Dr. Madurakavi Karthikeyan is working as an Assistant Professor Senior Grade in School of Electronics, VIT, Vellore. He received his PhD in Department of Electronics and Communication Engineering from Pondicherry University, Puducherry, India. He published papers in reputed journals. His current research area includes MIMO receiver design, Biomedical antennas and metamaterial antenna design.
Dr. Arun Thirumurugan is a Researcher at the University of ATACAMA working on the development of magnetic nanocomposite for energy storage and biological applications. His research interests are synthesizing magnetic nanoparticles, surface modification of nanomaterials for the potential applications in detoxification, photocatalyst, energy storage, and biomedical applications.
Dr. Rajesh M is an Associate professor in Sanjivani college of engineering, India and a research associate in raga academic solutions, Chennai, India. He has published over 90 papers in international refereed journals like IEEE, Springer, and Elsevier. His main research interests include IoT, blockchain techniques, Cyber physical system, Industry 4.0, e-health technologies, IoT and soft computing techniques.
Prof. A. Sivanantha Raja is working as Professor in Alagappa Chettiar Government College of Engineering and Technology, Karaikudi with 31 years of teaching and research experience.
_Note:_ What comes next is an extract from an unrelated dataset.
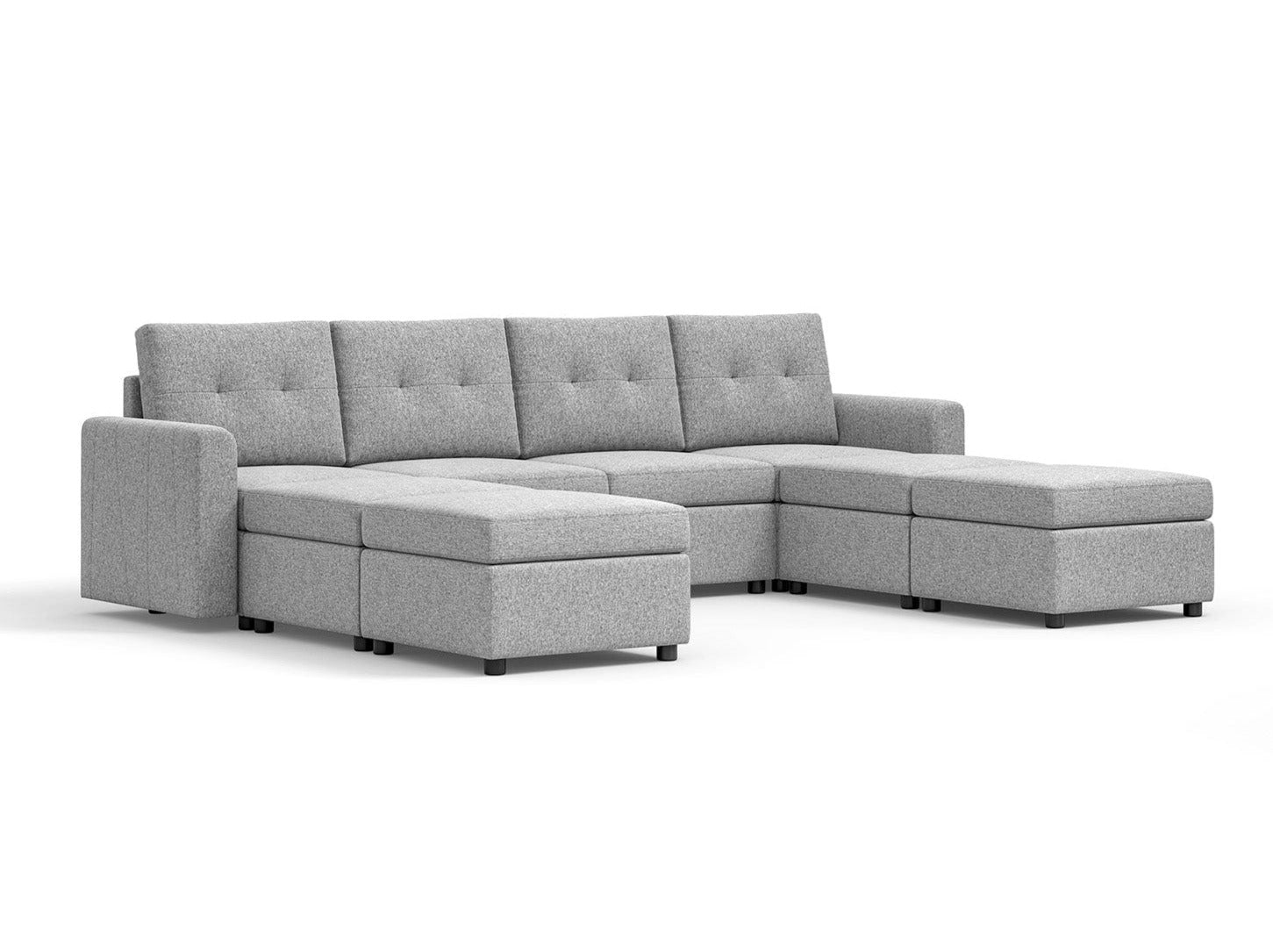 LINSY HOME Modular Pit Sectional Sofa for Sale, White, Gray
Currently, he is guiding 5 Ph.D. scholars. 9 Ph.D. scholars, 2 M.S scholars and more than 150 M.E scholars have completed their respective degrees under his guidance in the field of optical communication, flexible electronics and biomedical applications.
Prof. Marcos Flores is working as Professor in Physics Department, Faculty of Physics and Mathematics Science, Universidad de Chile, with 10 years of teaching and 15 years of research experience. He has published around 60 papers in the reputed international journals. He has presented his work in more than 50 national and international conferences. He has been awarded around 10 national grants.